## Directions
Would you return each entry exactly as written, omitting any pictures?

Short text fragments from websites:
= Beginning of Section =

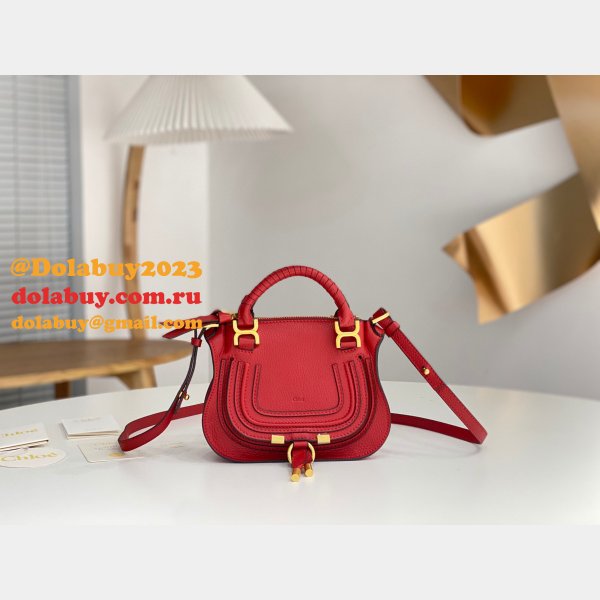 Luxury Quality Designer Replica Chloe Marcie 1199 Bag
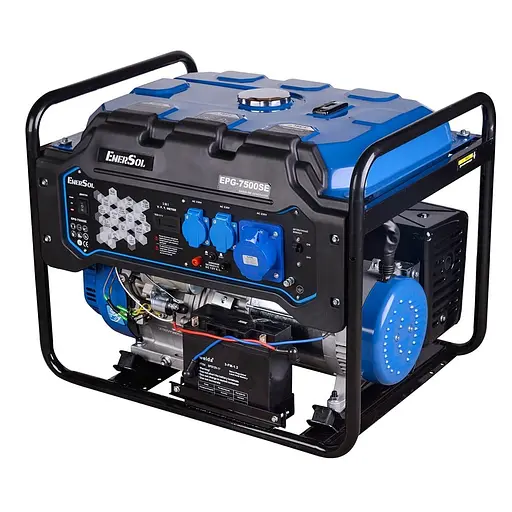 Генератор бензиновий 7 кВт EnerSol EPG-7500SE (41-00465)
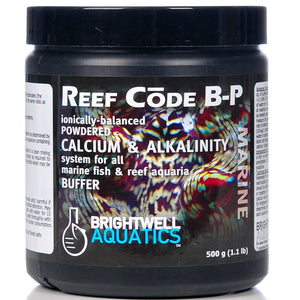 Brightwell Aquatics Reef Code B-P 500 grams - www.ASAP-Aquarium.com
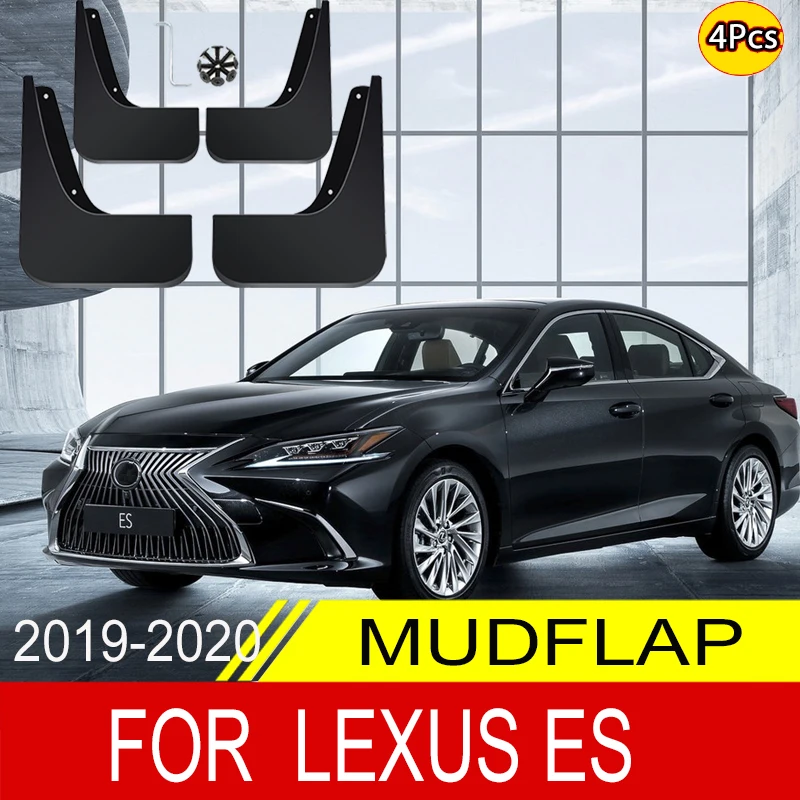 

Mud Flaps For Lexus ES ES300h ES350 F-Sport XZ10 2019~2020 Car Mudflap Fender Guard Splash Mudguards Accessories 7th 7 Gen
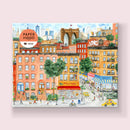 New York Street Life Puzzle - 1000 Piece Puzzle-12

= End of Section =

## Written solution
 Luxury Quality Designer Replica Chloe Marcie 1199 Bag
 Генератор бензиновий 7 кВт EnerSol EPG-7500SE (41-00465)
 Brightwell Aquatics Reef Code B-P 500 grams - www.ASAP-Aquarium.com

Mud Flaps For Lexus ES ES300h ES350 F-Sport XZ10 2019~2020 Car Mudflap Fender Guard Splash Mudguards Accessories 7th 7 Gen
 New York Street Life Puzzle - 1000 Piece Puzzle-12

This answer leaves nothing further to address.